> [WORK ORDER]:
An exact restatement is required. Cover only the lines of the records from the first through the line with "I'm going to", and skip pictures.

───── MATERIAL FOR THE TASK ─────

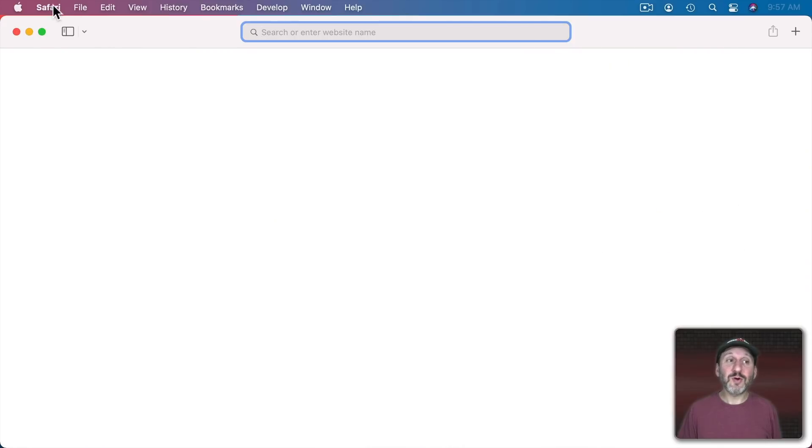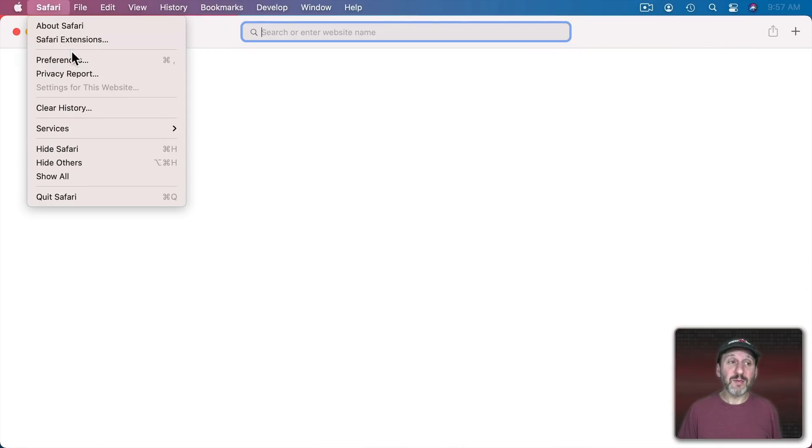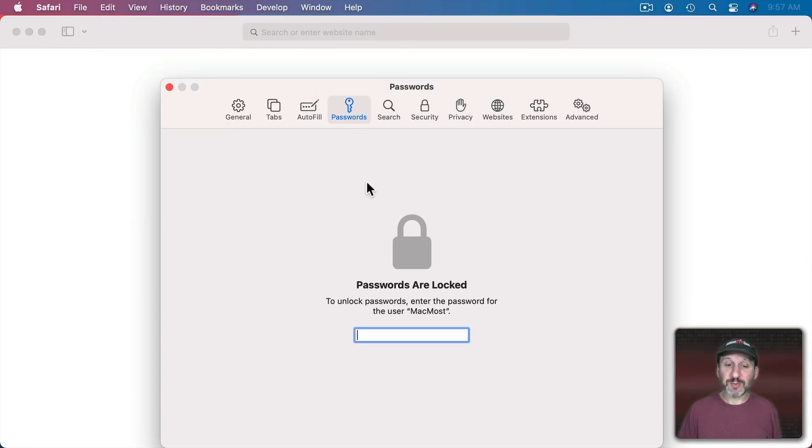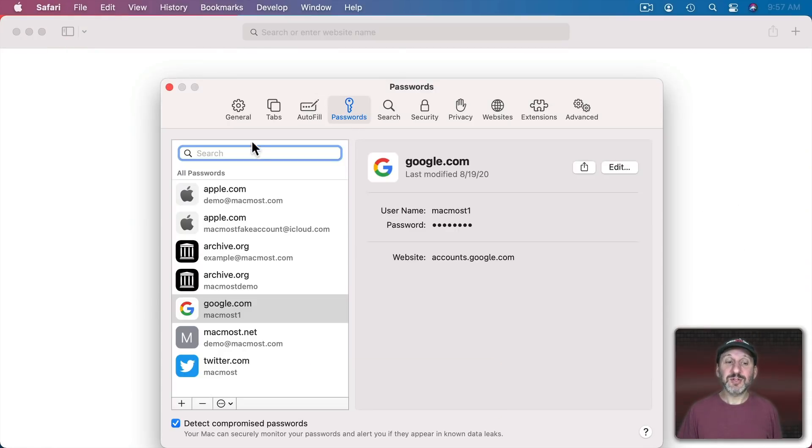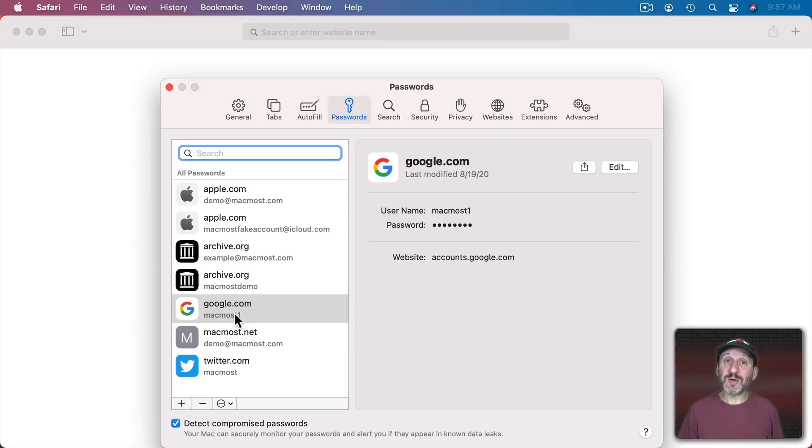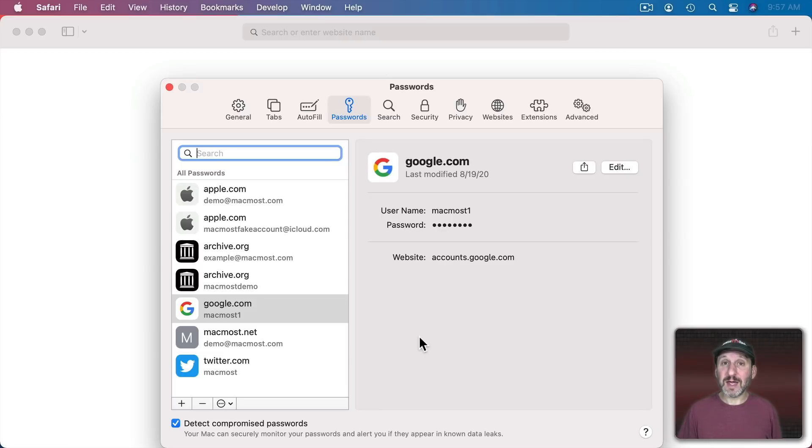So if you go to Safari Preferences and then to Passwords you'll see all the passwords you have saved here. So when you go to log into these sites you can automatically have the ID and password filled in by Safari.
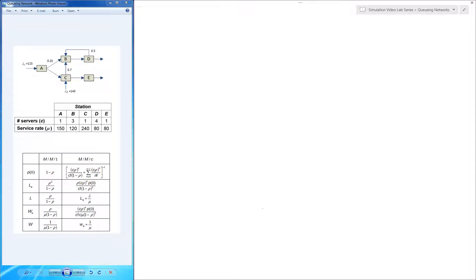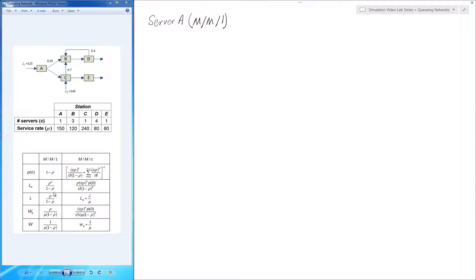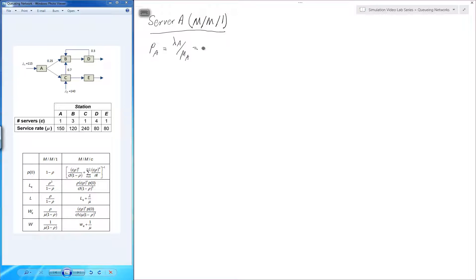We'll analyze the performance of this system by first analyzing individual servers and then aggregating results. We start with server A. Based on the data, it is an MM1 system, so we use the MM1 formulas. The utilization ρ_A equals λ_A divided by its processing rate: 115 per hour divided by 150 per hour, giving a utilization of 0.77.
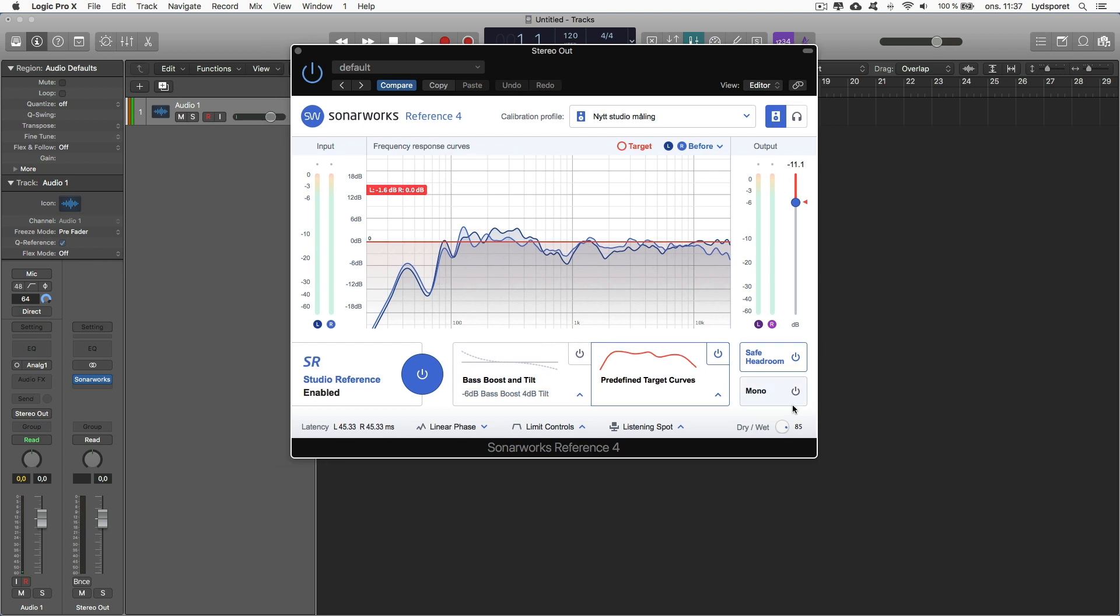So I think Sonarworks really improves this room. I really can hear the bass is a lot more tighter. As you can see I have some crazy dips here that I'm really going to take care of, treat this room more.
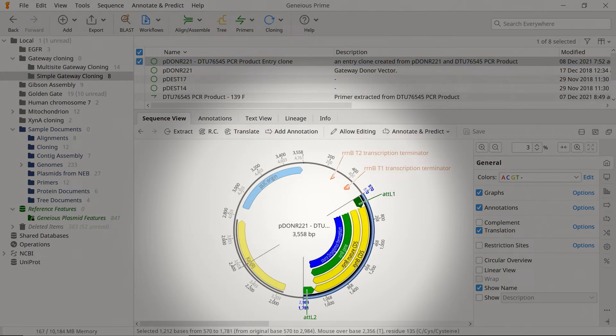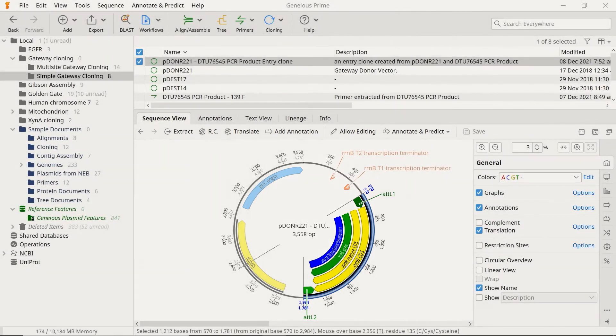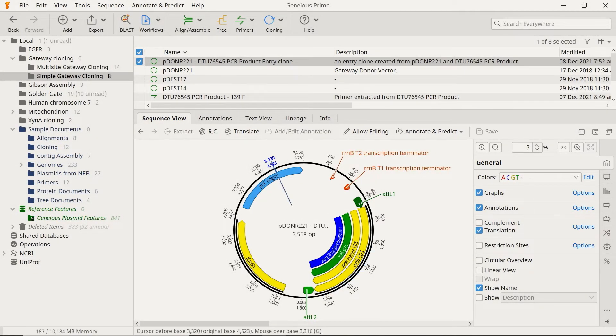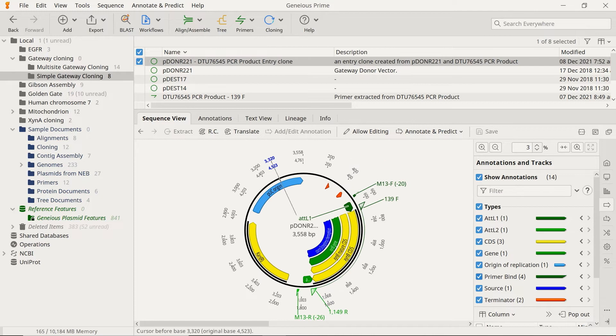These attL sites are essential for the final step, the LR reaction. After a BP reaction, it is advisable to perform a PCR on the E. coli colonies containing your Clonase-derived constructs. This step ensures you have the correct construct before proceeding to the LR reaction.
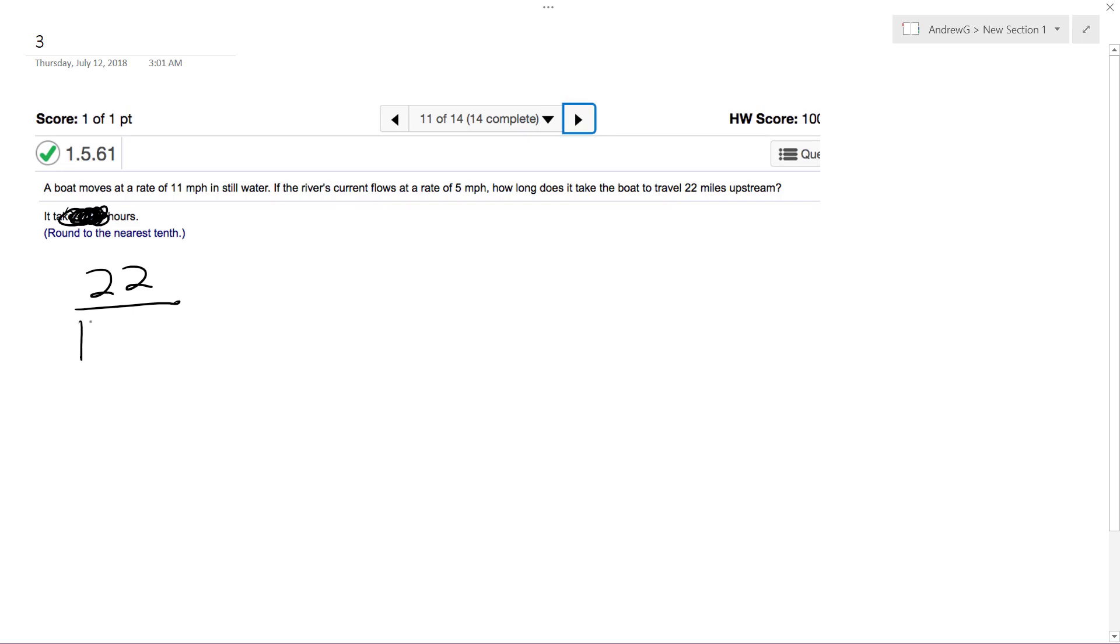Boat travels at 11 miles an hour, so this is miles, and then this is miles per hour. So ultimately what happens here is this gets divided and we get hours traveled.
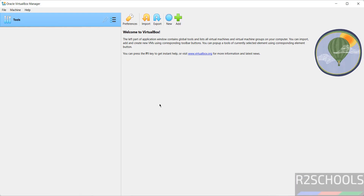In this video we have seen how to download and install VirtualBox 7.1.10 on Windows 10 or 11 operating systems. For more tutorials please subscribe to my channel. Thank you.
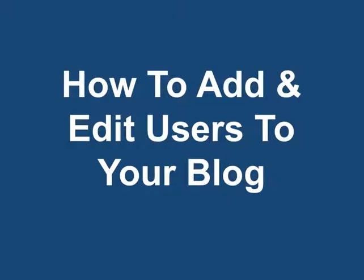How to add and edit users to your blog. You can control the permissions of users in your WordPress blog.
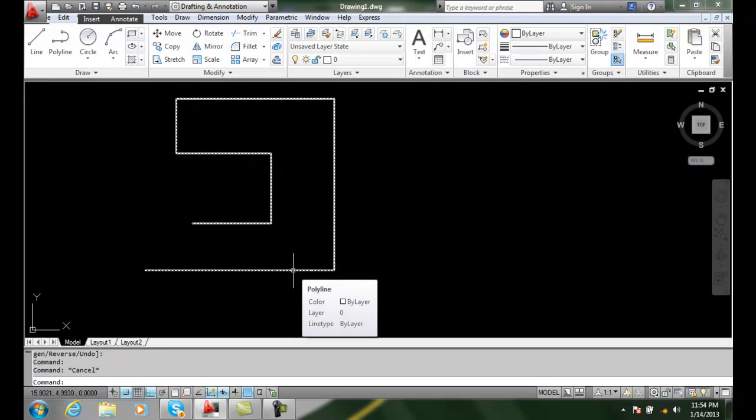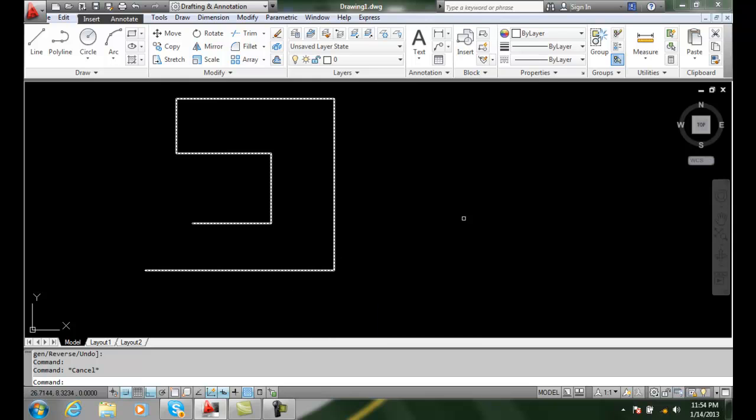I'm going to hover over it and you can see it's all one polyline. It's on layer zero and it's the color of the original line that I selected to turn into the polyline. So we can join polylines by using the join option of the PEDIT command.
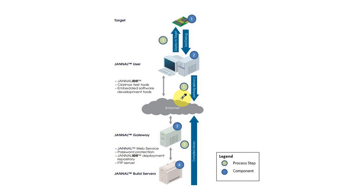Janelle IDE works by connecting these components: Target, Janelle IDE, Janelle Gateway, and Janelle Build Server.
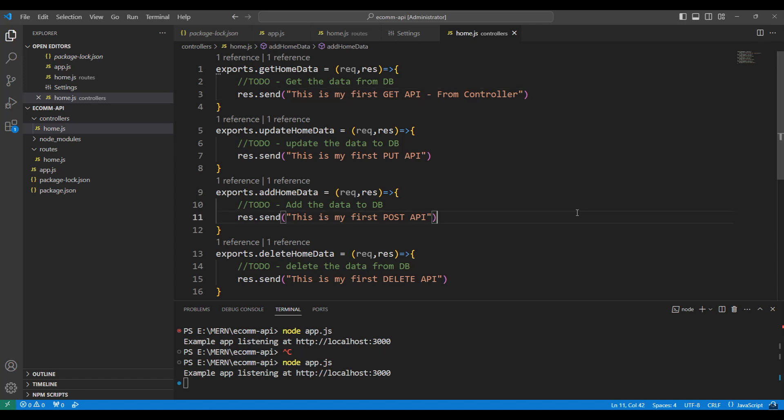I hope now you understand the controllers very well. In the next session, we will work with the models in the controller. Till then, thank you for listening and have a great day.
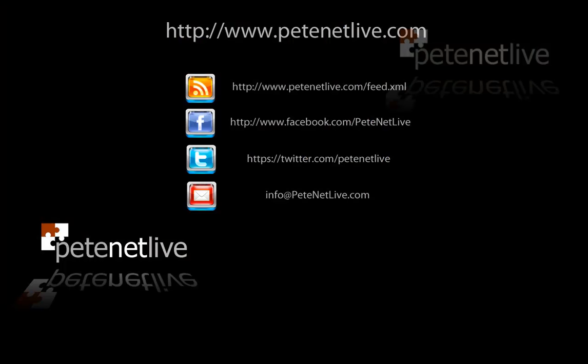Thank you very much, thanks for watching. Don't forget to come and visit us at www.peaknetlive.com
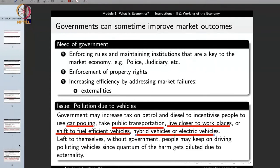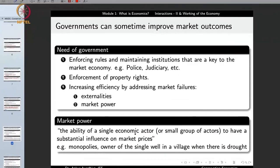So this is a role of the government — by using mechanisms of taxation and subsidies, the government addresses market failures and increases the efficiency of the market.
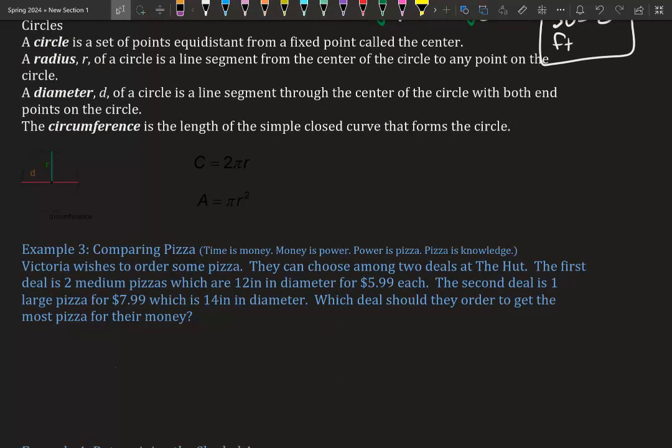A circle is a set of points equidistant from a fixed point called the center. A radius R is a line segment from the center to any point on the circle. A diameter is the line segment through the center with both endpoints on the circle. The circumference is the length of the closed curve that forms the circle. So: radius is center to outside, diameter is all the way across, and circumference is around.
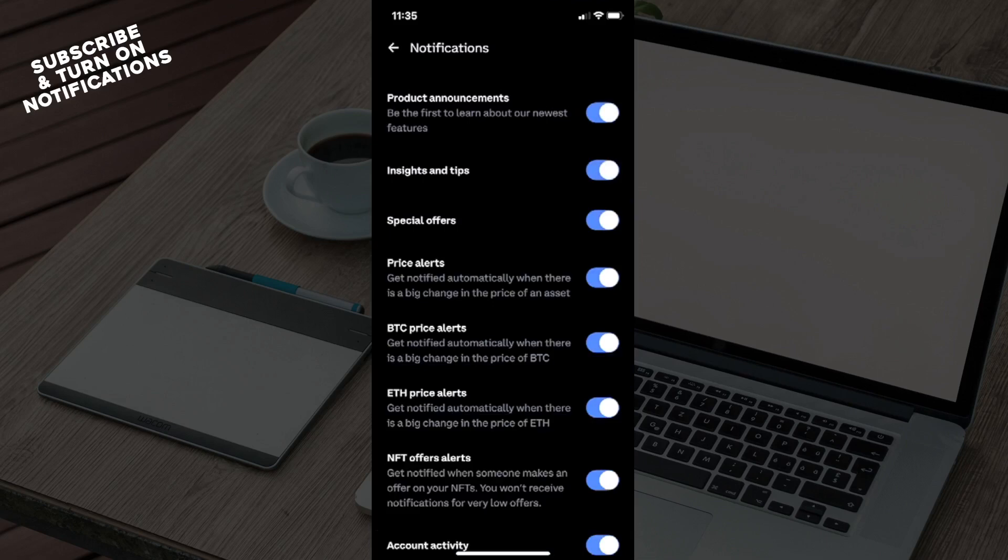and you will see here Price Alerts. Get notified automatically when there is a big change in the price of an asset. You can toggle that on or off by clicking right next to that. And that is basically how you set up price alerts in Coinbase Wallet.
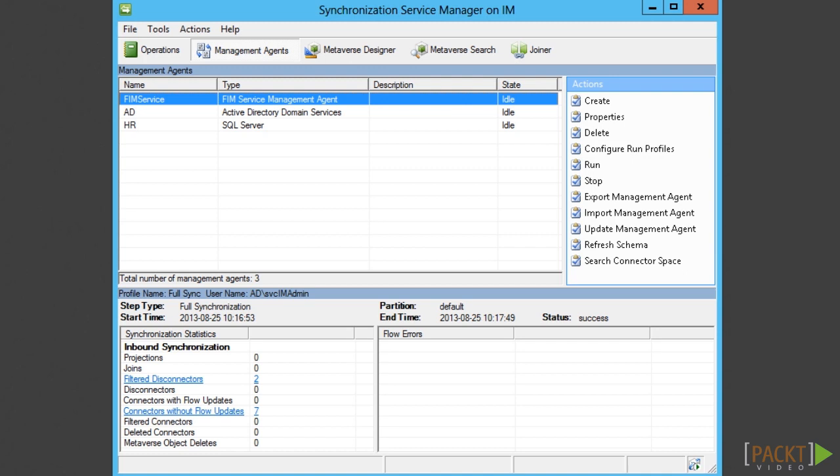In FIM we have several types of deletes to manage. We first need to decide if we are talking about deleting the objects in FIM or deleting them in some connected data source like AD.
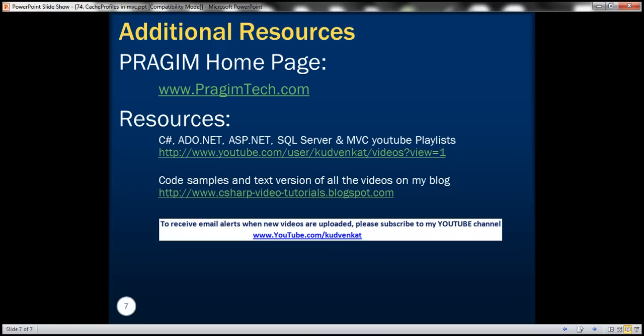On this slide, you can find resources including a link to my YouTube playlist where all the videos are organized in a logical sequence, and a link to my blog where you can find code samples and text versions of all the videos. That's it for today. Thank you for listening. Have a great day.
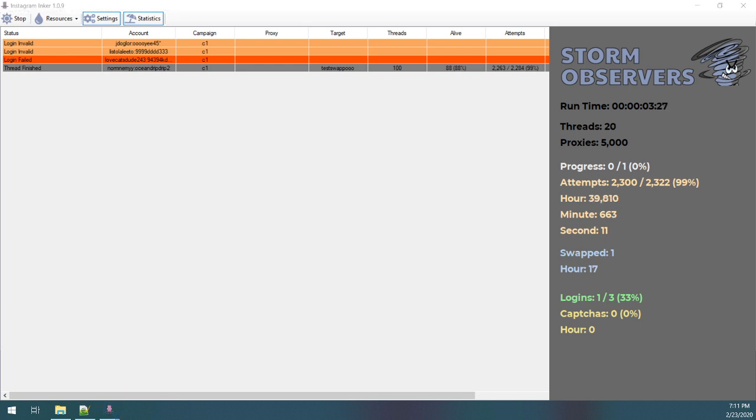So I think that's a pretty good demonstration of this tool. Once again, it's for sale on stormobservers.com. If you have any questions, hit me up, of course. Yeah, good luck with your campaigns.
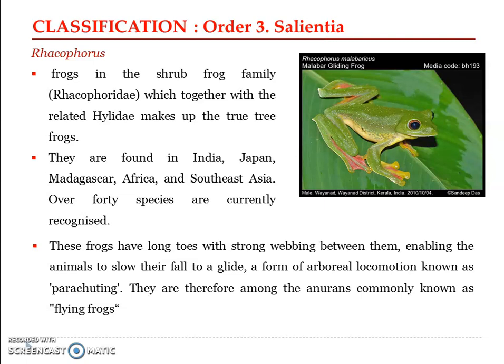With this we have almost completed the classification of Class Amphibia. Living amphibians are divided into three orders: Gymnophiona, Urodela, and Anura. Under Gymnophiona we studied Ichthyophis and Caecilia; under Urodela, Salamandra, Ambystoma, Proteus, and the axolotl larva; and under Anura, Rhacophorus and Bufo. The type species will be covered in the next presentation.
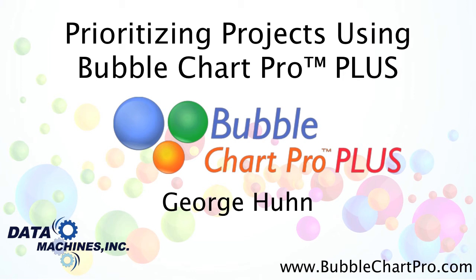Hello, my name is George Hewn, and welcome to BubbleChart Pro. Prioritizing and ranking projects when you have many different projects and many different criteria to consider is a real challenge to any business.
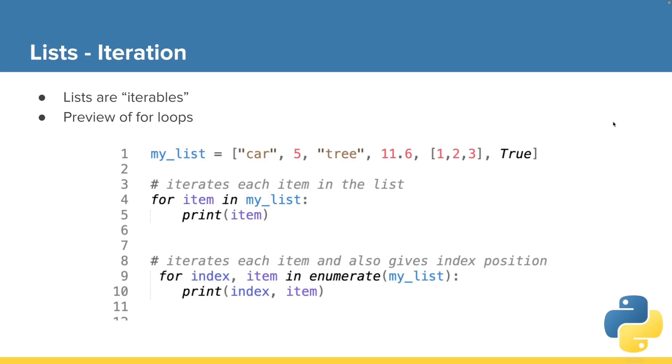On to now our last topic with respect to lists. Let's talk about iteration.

─────

> [ANSWER TO THIS PROBLEM]:
So if you go to Safari Preferences and then to Passwords you'll see all the passwords you have saved here. So when you go to log into these sites you can automatically have the ID and password filled in by Safari.
We'll analyze the performance of this system by first analyzing individual servers and then aggregating results. We start with server A. Based on the data, it is an MM1 system, so we use the MM1 formulas. The utilization ρ_A equals λ_A divided by its processing rate: 115 per hour divided by 150 per hour, giving a utilization of 0.77.
So I think Sonarworks really improves this room. I really can hear the bass is a lot more tighter. As you can see I have some crazy dips here that I'm really going to take care of, treat this room more.
These attL sites are essential for the final step, the LR reaction. After a BP reaction, it is advisable to perform a PCR on the E. coli colonies containing your Clonase-derived constructs. This step ensures you have the correct construct before proceeding to the LR reaction.
Boat travels at 11 miles an hour, so this is miles, and then this is miles per hour. So ultimately what happens here is this gets divided and we get hours traveled.
In this video we have seen how to download and install VirtualBox 7.1.10 on Windows 10 or 11 operating systems. For more tutorials please subscribe to my channel. Thank you.
How to add and edit users to your blog. You can control the permissions of users in your WordPress blog.
I'm going to hover over it and you can see it's all one polyline. It's on layer zero and it's the color of the original line that I selected to turn into the polyline. So we can join polylines by using the join option of the PEDIT command.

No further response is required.